Tanti messaggi di cordoglio. Zaia: «Tutto il Paese deve essergli grato». Il governatore Stefani: «Un sognatore, il suo insegnamento vivrà nelle nostre idee»

Un pezzo di storia della Lega Nord, quando Nord era ancora una parola fondamentale nel simbolo di quel movimento federalista che si ispirava a un territorio, a un popolo, ma anche della Liga Veneta. Umberto Bossi è morto a 84 anni e il Veneto lighista piange il suo padre fondatore. Bossi, che in Veneto ha lasciato segni profondi, spesso conditi da polemiche. I comizi a Venezia, sulla Riva degli Schiavoni, rinnegando l’Italia e la bandiera in favore di un’indipendenza nordista.
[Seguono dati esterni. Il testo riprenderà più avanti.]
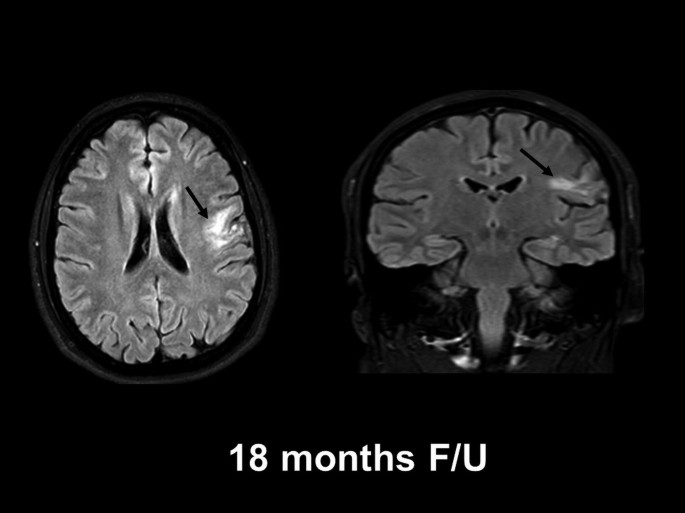 The two M R I scanned photographs represents the human brain at 18 months follow-up, and the defective area of the brain is highlighted and marked by an arrow.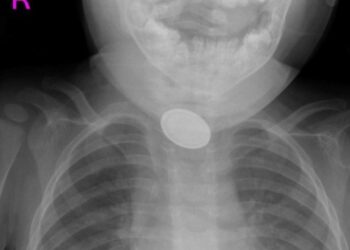 Kayseri’de 15 aylık bebeğin yemek borusuna pil ve lego parçası kaçtı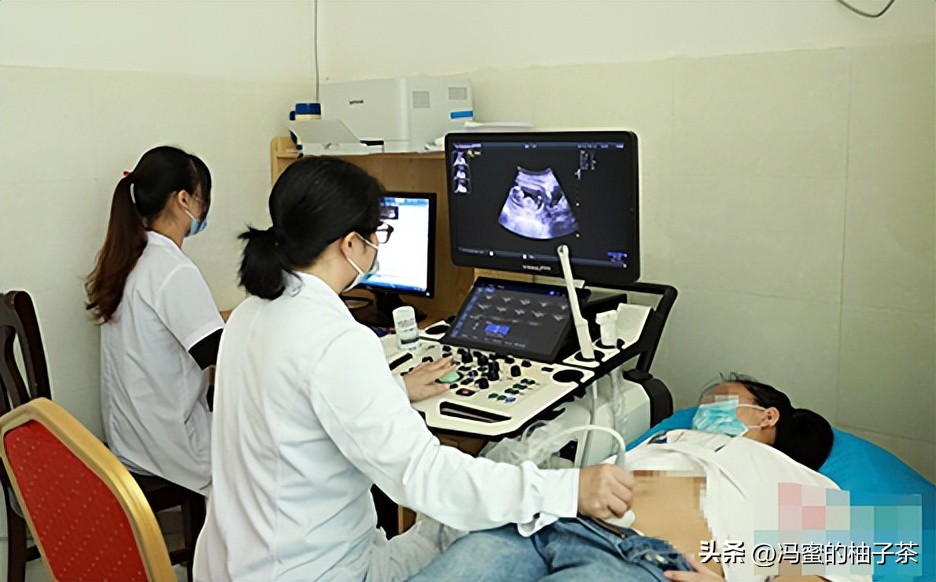 2009年湖南女子生下重2斤小猴子,湖南女子生了个小猴子上综艺节目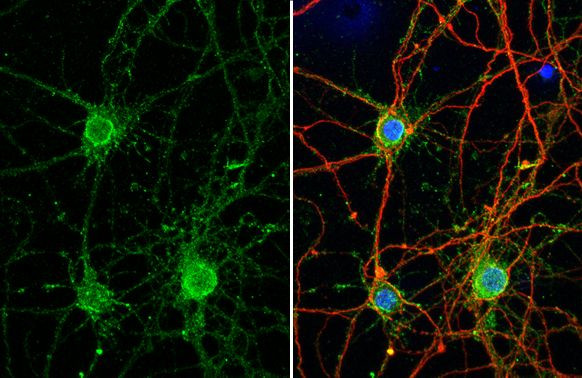 Synaptotagmin 1 Antibody in Immunocytochemistry (ICC/IF)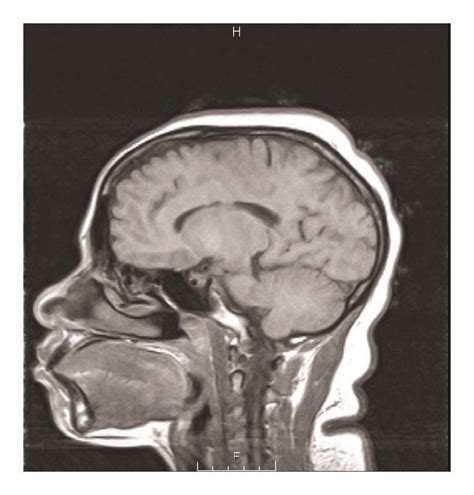 Sagittal T1 Diffusion Weighted Mri Of The Pituitary Gland Download Scientific Diagram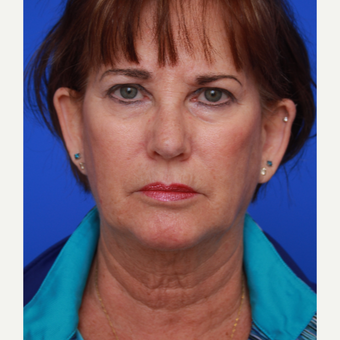 63- year old woman treated with Facelift before 3787924
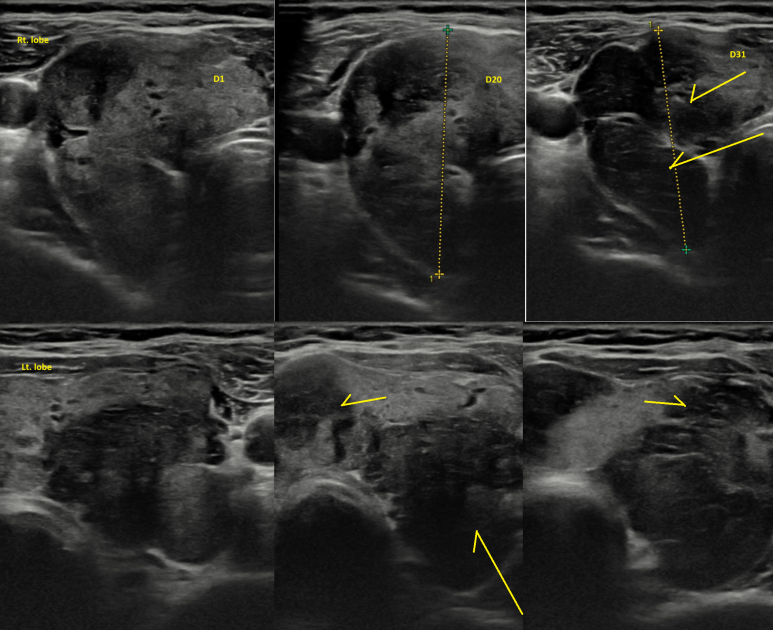 시시각각 변화하는 갑상선 모습, 하시모토 갑상선염의 활동기? 겹친 무통성 갑상선염 현상일지... - 동대문구 답십리, 제귀동, 우리안애 우리안愛 내과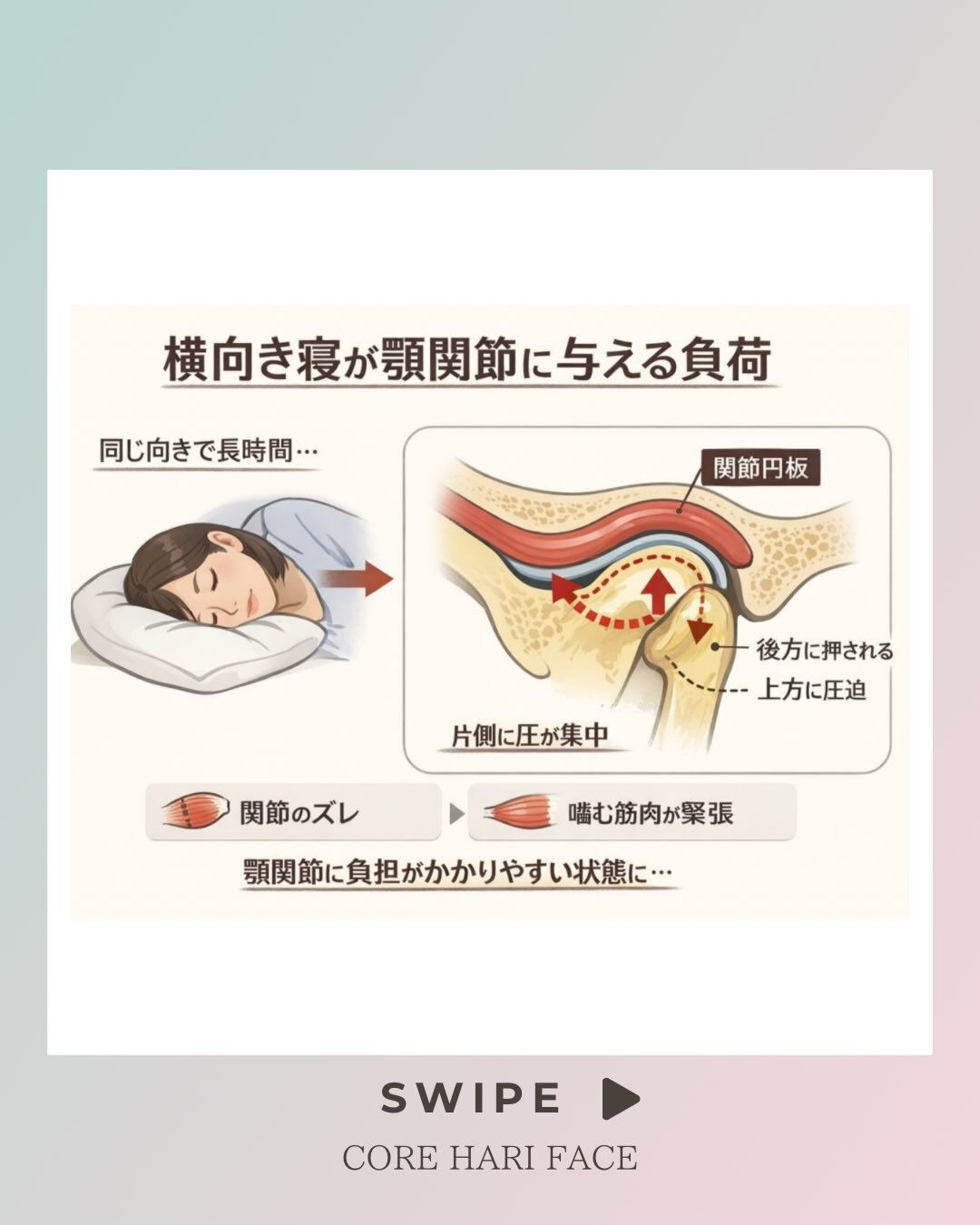 「横向き寝＝顎関節が歪む」かも！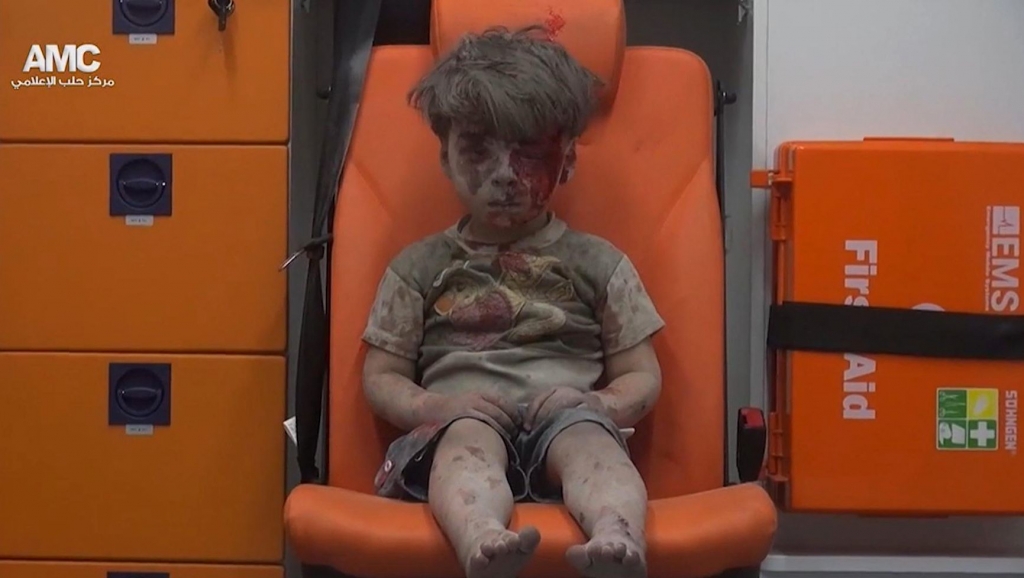 Russia Denies Involvement in Aleppo Attack That Wounded Boy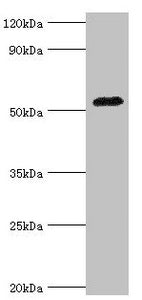 Western blot | All lanes: Angiotensinogen antibody at 3μg/ml + Mouse liver tissue | Secondary | Goat polyclonal to rabbit IgG at 1/10000 dilution | Predicted band size: 53 kDa | Observed band size: 53 kDaRabbit anti-Human AGT Polyclonal Antibody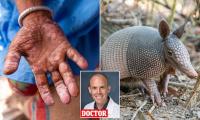 Deadly ancient disease is making a comeback in the US, experts warn... as they reveal the surprising reason why and how to protect yourself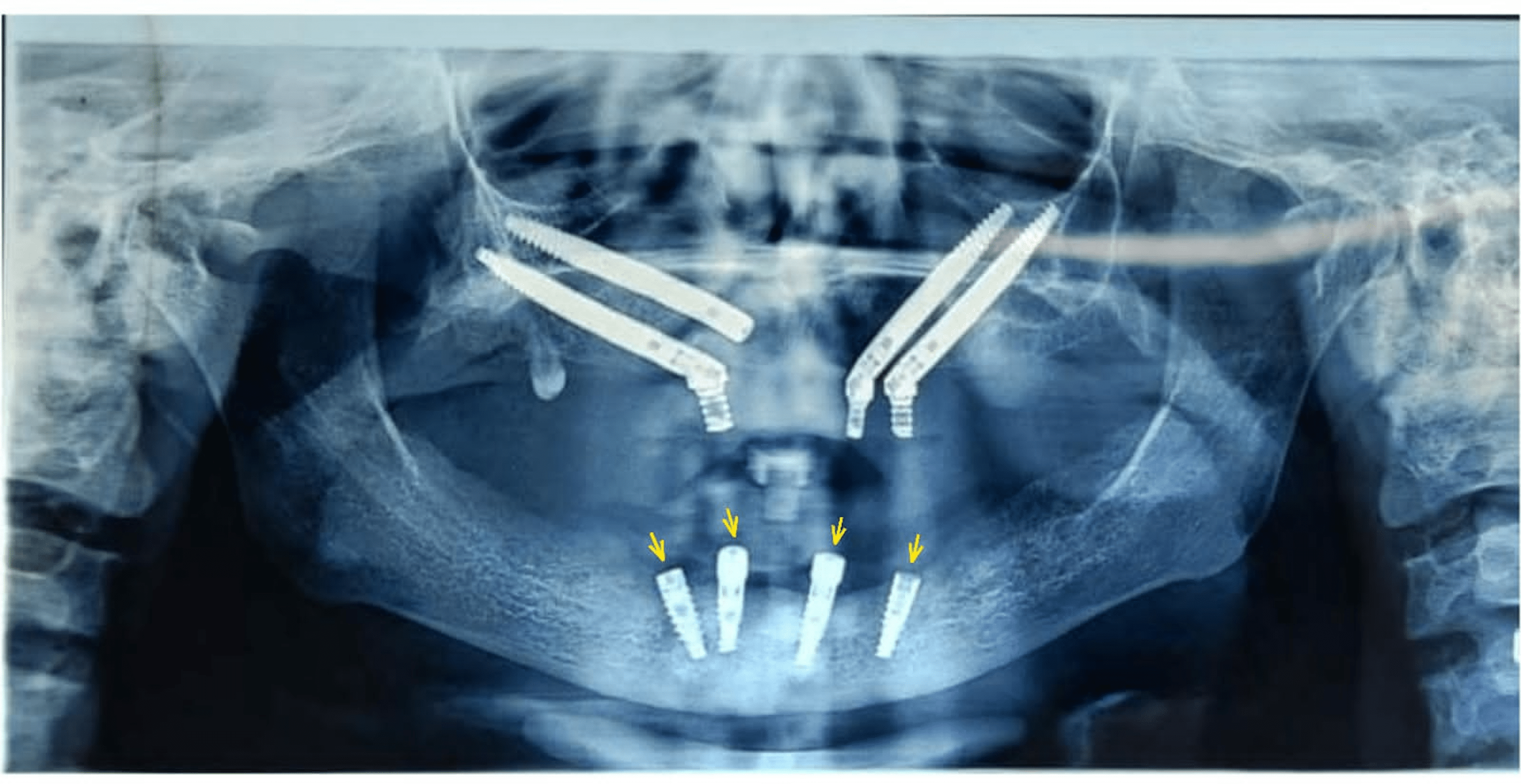 Cureus Treatment Intricacies In Mandibular Implant Supported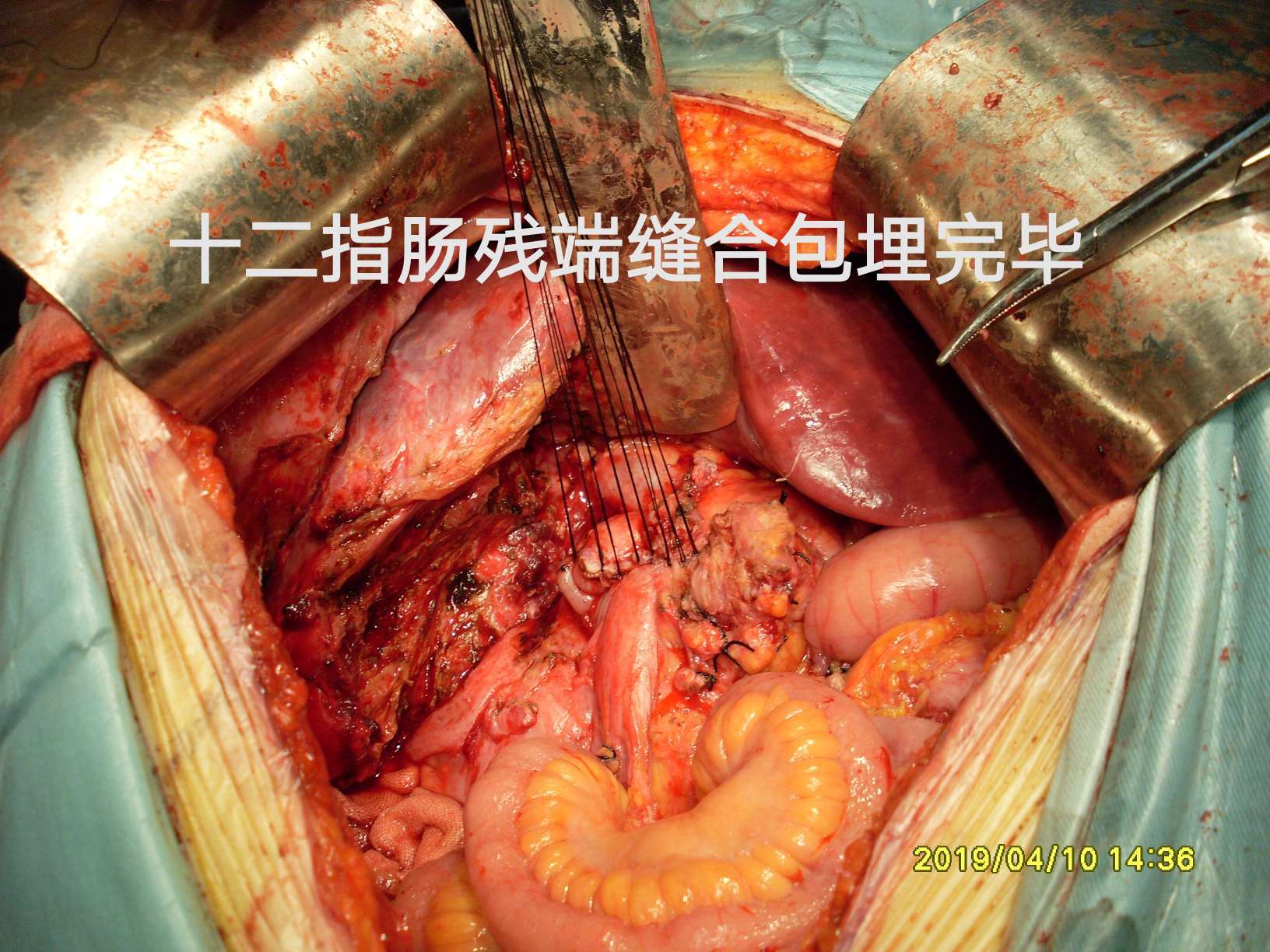 病例(40)--结肠肝曲粘液腺癌突破肠管向外生长! (原创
I tanti incontri di piazza in tutto il Veneto, come la manifestazione del 2006 a Vicenza con Berlusconi, nella quale fu duramente contestato il Governo Prodi e venne fischiato l’inno di Mameli. E poi le vacanze estive in Cadore, dove continuava a riunirsi con i compagni di partito, e Lorenzago, luogo di un vertice politico nel 2003 con Giulio Tremonti per discutere di federalismo e riforma del Titolo V della Costituzione. Ma è soprattutto un moto di dolore che unisce tutti gli esponenti storici (e non solo) della Liga.